Masih ingat dengan krisis ekonomi tahun 1997-1998? Krisis moneter dunia
yang merembet ke Asia Tenggara dan akhirnya berlabuh ke Indonesia. Saat itu,
ekonomi nasional Indonesia masih belum kuat untuk mengadapi krisis global pada
saat itu. Terlebih dengan kondisi pemerintahan yang sedang gonjang-ganjing di
akhir-akhir masa pemerintahan Soeharto.
Banyak hal negatif yang dialami perekonomian Indonesia saat itu, antara
lain kurs rupiah melemah terhadap dollar AS, likuidasi 16 bank yang bermasalah,
dan akhirnya kepercayaan internasional terhadap Indonesia menurun, ditambah
lagi perusahaan milik Negara dan swasta banyak yang tidak dapat membayar utang
luar negeri yang akan dan telah jauth tempo.

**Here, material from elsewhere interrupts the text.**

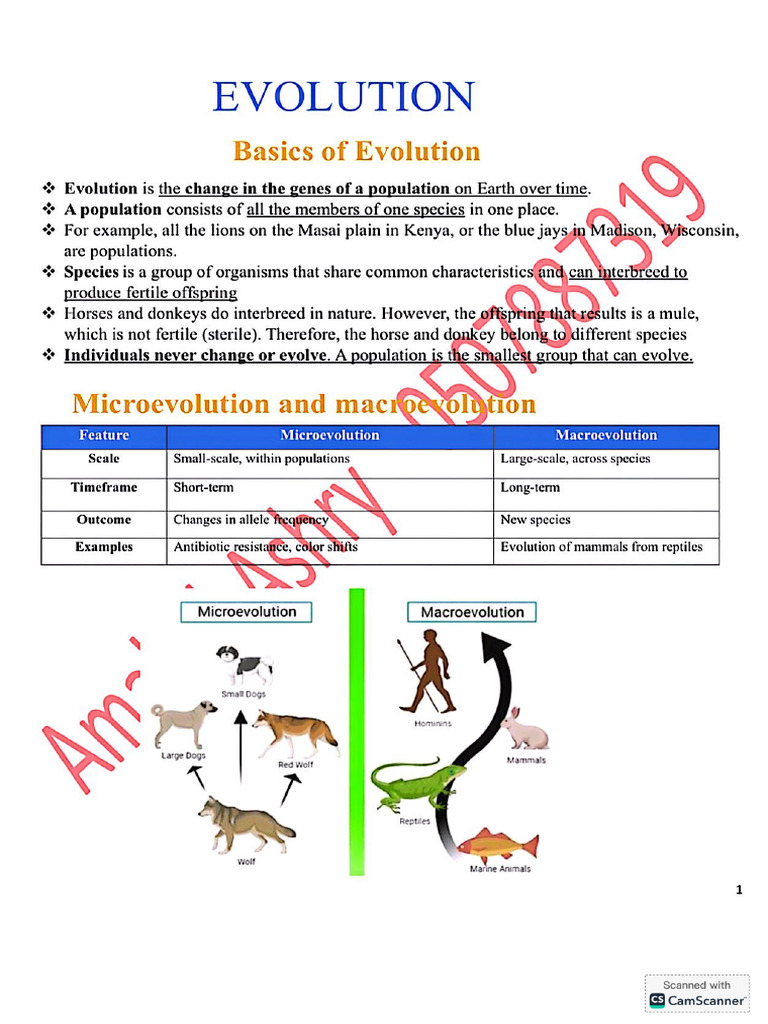 Evolution Notes - by Mrs. Amal Al-Ashry | PDF
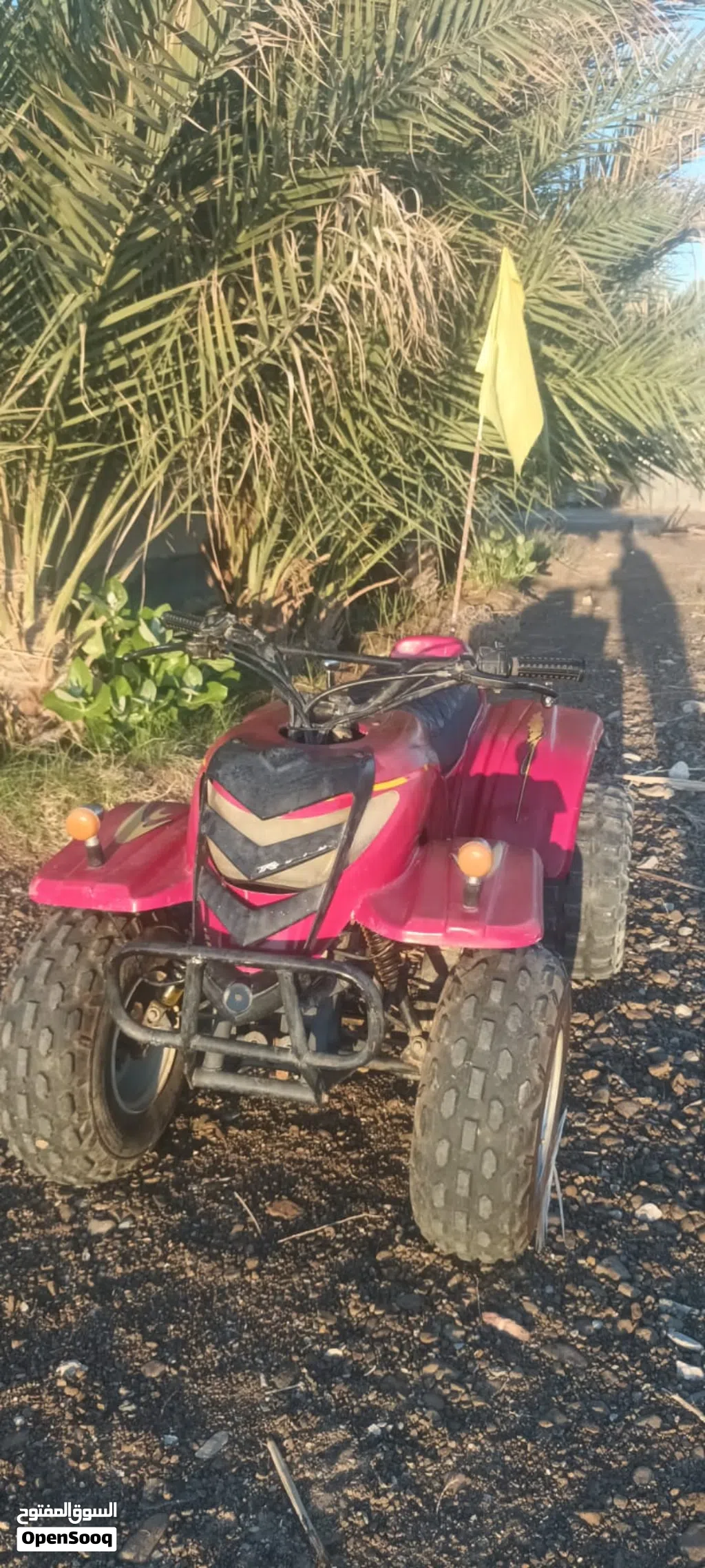 Buggy All Models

Namun, selain hal-hal negatif di tengah krisis ekonomi tersebu, kita
disadarkan dengan peran penting UKM (Usaha Kecil dan Menengah) yang tahan akan
krisis ekonomi dan menjadi salah satu penyangga perekonomian masyarakat
menengah ke bawah. Saat itu, UKM dan ISK (Industri Skala Kecil) mendapatkan
peluang besar untuk berkembang. UKM dan ISK mengalami pertumbuhan jumlah unit
usaha, jumlah pekerja dan pengusaha, munculnya tawaran mitra usaha kepada para
pelaku ISK, peningkatan ekspor dan peningkatan pendapatan untuk kelompok
menengah ke bawah. (Sumber: Fajriani, Puji. 2015: Kilas Balik Krisis Ekonomi
1997-1998 Dan Sekarang. Universitas Gunadarma)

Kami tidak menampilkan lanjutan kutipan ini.